Так завершилось земное существование смертного человека Антонио Грамши. Но бессмертная его слава была еще впереди. До краха Муссолини оставалось немногим более шести лет. До окончательного низвержения фашизма — около восьми. Доктор Фабрицио Маффи (а он был почти на четверть века старше Антонио Грамши) дожил до ликвидации фашизма. Маффи умер сенатором Итальянской республики. Он и другие коммунисты Италии сделали в память Грамши все, что могли. Они сохранили и выпустили в свет сочинения Грамши, его великое творческое наследие. Но произошло все это не сразу и не в один день. Истории «Тюремных тетрадей» Антонио Грамши и будет посвящена следующая глава.

О «ТЮРЕМНЫХ ТЕТРАДЯХ»

Эти рукописи могли и вовсе не увидеть света и остаться погребенными в архивах тюремного ведомства. К великому счастью, так не случилось. Татьяне Шухт удалось, обманув бдительность полиции, выкрасть эти тетради сразу же после кончины Антонио Грамши. Она рассказывала об этом сестрам, вернувшись в Советский Союз, а она вернулась на Родину в год смерти Антонио, вскоре после его кончины. Спасение рукописей Грамши — поступок высокий и героический обессмертил память Татьяны Шухт (она умерла в 1943 году).

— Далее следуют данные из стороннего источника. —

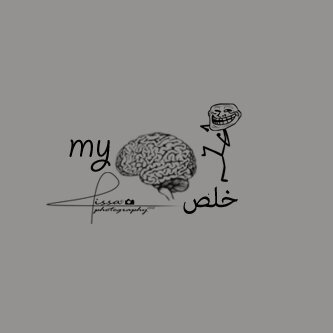 أنا ولد الناس اللي يقولولكم صيرو مثله‹☺›                                                                                    (نطو لي ب فولو عشان تصيرون مثلي )‹☺›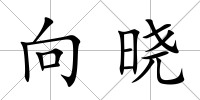 向曉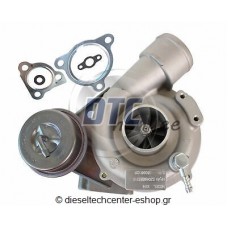 Τουρμπίνες 53039880073 / K03-073-new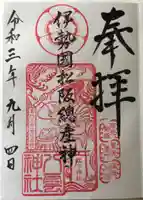 八雲神社の御朱印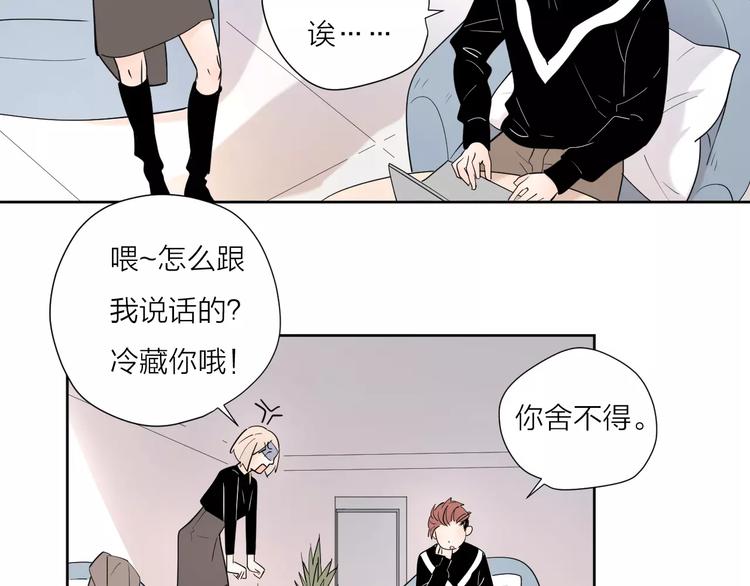 完结篇你还有我69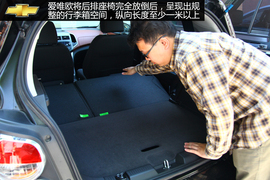 细节让人刮目相看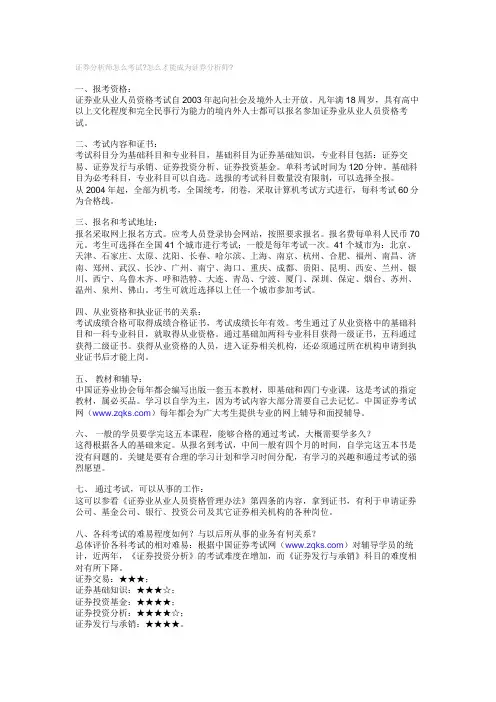 证券分析师怎么考试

Татьяна, много лет прожившая в Италии, оставалась советской подданной, Пьеро Сраффа был подданным Великобритании. Это в известной мере облегчало им возможность получения свиданий с Грамши — с иностранцами фашистские чиновники не решались обращаться некорректно.

Рукописи Грамши были в 1937 году привезены в Советский Союз и в течение нескольких лет хранились в советских архивах. Затем, уже после второй мировой войны, «Тюремные тетради» вернулись в Италию. Центральный Комитет Итальянской коммунистической партии назначил специальную комиссию по подготовке к печати этих бесценных рукописей.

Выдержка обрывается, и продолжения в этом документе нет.